„Songs for Kom­meno“ ist ein ambi­tio­nier­tes Pro­jekt: Mit den acht Jazz-Songs will Gün­ter Baby Som­mer auf das Mas­sa­ker einer deut­schen Wehr­machts­ein­heit im grie­chi­schen Kom­meno am 16.8.1943 erin­nern. Und das umfang­rei­che Büch­lein dazu doku­men­tiert die Ernst­haf­tig­keit, mit der sich Baby Som­mer auf die Auf­ga­be, den Ort, die Geschich­te ein­ge­las­sen hat (aller­dings nicht so sehr das Gesche­hen selbst).

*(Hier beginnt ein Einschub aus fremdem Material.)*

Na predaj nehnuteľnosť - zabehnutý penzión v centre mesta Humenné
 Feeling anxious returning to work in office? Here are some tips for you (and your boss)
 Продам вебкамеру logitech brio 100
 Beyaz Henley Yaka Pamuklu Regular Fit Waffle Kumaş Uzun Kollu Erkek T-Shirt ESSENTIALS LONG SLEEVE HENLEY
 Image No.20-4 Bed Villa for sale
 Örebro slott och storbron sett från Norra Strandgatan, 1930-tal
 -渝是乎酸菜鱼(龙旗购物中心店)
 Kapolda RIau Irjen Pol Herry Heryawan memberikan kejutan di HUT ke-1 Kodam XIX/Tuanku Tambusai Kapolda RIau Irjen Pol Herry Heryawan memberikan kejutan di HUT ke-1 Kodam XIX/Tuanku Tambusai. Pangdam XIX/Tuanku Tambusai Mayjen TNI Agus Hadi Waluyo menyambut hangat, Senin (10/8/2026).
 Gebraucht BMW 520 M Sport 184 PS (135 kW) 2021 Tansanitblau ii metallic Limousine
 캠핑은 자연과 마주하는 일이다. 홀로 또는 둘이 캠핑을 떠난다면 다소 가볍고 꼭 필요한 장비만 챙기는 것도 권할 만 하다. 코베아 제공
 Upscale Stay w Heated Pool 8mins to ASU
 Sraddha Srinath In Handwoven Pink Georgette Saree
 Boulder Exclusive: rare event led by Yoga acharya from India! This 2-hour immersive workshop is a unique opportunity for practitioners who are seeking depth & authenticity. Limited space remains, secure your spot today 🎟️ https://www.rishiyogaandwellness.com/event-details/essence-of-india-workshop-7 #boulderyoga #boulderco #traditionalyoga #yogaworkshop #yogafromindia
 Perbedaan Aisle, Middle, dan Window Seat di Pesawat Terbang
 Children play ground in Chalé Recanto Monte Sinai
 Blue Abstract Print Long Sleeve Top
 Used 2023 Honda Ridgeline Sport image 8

So weit, so gut. Aber „Songs for Kom­meno“ hat lei­der einen gro­ßen Nach­teil: Musi­ka­lisch lässt mich die CD reich­lich kalt. Das ist mir alles arg betu­lich und viel zu lang­wei­lig – und zugleich immer so bedeu­tungs­schwan­ger. Viel­leicht hät­te ich erst­mal ein­fach die Musik hören sol­len, ohne nähe­re Infor­ma­tio­nen. Hat man die Tex­te im groß­zü­gi­gen Begleit­buch gele­sen, geht das aber nicht mehr: Die Musik kann dann nicht mehr für sich ste­hen, sie muss mehr sein. Näm­lich Ver­gan­gen­heits­be­wäl­ti­gung in irgend­ei­ner Form, Erin­ne­rung, auch Erin­ne­rungs­po­li­tik, zugleich Vesöh­nung und Bit­te um Ver­ge­bung und so wei­ter. Das ist (in mei­nen Ohren) doch ein biss­chen viel für die­se Klän­ge. Viel­leicht funk­tio­niert das für ande­re Hörer her­vor­ra­gend, viel­leicht hat es auch am qua­si authen­ti­schen Ort gelin­gen kön­nen – in mei­nem Heim, wo ich im beque­men Ses­sel sit­ze und drau­ßen der ers­te Vor-Herbst-Regen nie­selt, klappt das aber ein­fach nicht. Aber ich bin bei sol­chen Unter­neh­mun­gen (fast) immer recht skep­tisch – mei­ner Erfah­rung nach wird dabei die Musik (und die ist es beson­ders, die für sol­che Pro­jek­te ein­ge­spannt wird) mit einer Auf­ga­be über­frach­tet, die sie ein­fach nicht leis­ten kann – näm­lich kon­kre­te Inhal­te irgend­wie zu trans­por­tie­ren. Aber das sind grund­sätz­li­che Ein­stel­lun­gen, was man von Musik erwar­ten will und ihr an kom­mu­ni­ka­ti­ven Auf­ga­ben (im wei­te­ren Sin­ne) zu-muten möch­te. Ich bin da gene­rell sehr zurück­hal­tend, weil ich über­zeugt bin, dass Klang und Form (um das mal so abs­trakt zu las­sen) die bes­se­ren Ver­mitt­lungs­in­stan­zen sind – und auch ohne bestimm­te bzw. bestimm­ba­re Inhal­te Men­schen bewe­gen und letzt­lich auch ver­än­dern kön­nen.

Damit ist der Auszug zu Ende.